La revue a publié en janvier et février 1981 deux articles de l'auteur, ministre plénipotentiaire et ancien ambassadeur de France en Arabie Saoudite. Un sommet islamique, qui vient de se tenir à La Mecque et à Taef, donne un regain d'actualité à ces articles, et l'auteur, se trouvant alors en voyage en Arabie Saoudite, a vécu l'événement sur place. Il nous fait le compte rendu d'une réunion dont le thème central était « la reconstruction d'une nation islamique ». L'article ci-dessous complète donc utilement l'intéressante étude déjà publiée.

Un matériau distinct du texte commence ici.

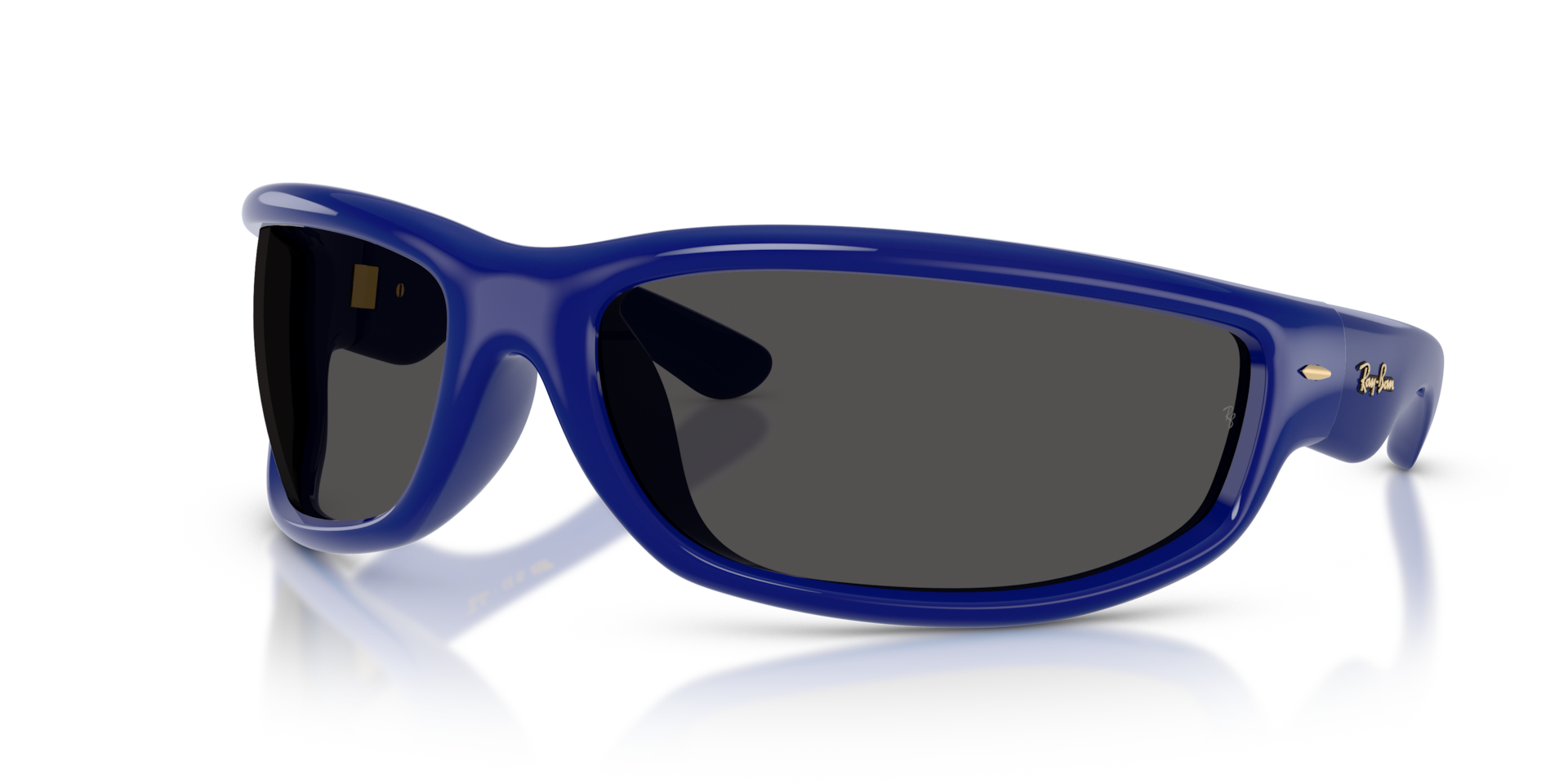 ULTRA WRAP 003 NEXT GENERATION COLLECTION 5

Après Taef 1981 : la Nation islamique ?
La réunion en Arabie Saoudite, au mois de janvier 1981, du troisième sommet islamique a donné de l’actualité à l’interrogation placée en tête des deux articles que la revue Défense Nationale a publié récemment : « La nation islamique, utopie ou réalité géopolitique de demain ? ». Le thème central des débats de ce sommet était en effet « la nation islamique ». Nous avions montré la genèse du mouvement unitaire dans l’Islam majoritaire sunnite, parallèlement aux manifestations d’un nationalisme musulman ombrageux et toujours en éveil dans l’Islam arabe. Puis nous avions analysé les structures interislamiques mises en place progressivement ces dix dernières années. Le « sommet islamique » est l’une d’entre elles, la formation la plus solennelle prévue par la Charte de l’Organisation de la Conférence Islamique (OCI) adoptée à Djedda en 1972. Cette instance supérieure réunit les chefs d’État ou de gouvernement.
Il y a déjà eu onze réunions des ministres des Affaires étrangères des pays musulmans et de nombreuses rencontres des responsables de départements techniques (Finances, Industrie, Commerce, Tourisme, Télécommunications) ou sociaux (Santé, Éducation, Jeunesse). Mais deux sommets seulement se sont tenus, l’un à Rabat du 22 au 25 septembre 1969, après l’incendie à Jérusalem de la mosquée Al Aqça qui avait sensibilisé le monde musulman, et qui a posé les bases de la conférence islamique ; le second eut lieu à Lahore, au Pakistan, en 1974. L’Islam pétrolier commençait à accumuler les pétrodollars. On lança alors l’idée de coopération économique entre les riches producteurs de pétrole arabes et le reste du tiers monde islamique, moins bien pourvu.
À l’aube du XVe siècle de l’hégire, le choix de l’Arabie Saoudite, berceau de l’Islam, comme pays hôte du troisième sommet est évidemment symbolique. C’est donc à La Mecque que fut inauguré le troisième grand rassemblement de la nation islamique. Les dirigeants actuels étaient au rendez-vous. Quatre absences cependant : l’Égypte, « suspendue » depuis le traité de paix avec Israël en 1979, l’Afghanistan soviétisé, écarté en 1980 de l’OCI, la Libye en état de rupture diplomatique avec Ryadh, l’Iran enfin qui opta finalement pour l’abstention afin de ne pas côtoyer l’ennemi du moment, l’Irak. Parmi les observateurs, le Nigeria (bientôt membre de l’OCI, dit-on, avec 62 millions de musulmans), la communauté turque de Chypre et… une personnalité chrétienne, Mgr Hokim, patriarche de l’Église grecque orthodoxe ; autre chrétien présent : le président du Liban, M. Sarkis. M. Kurt Waldheim, qui intervint à la première séance de travail à Taef, manifesta l’intérêt des Nations Unies pour ce sommet.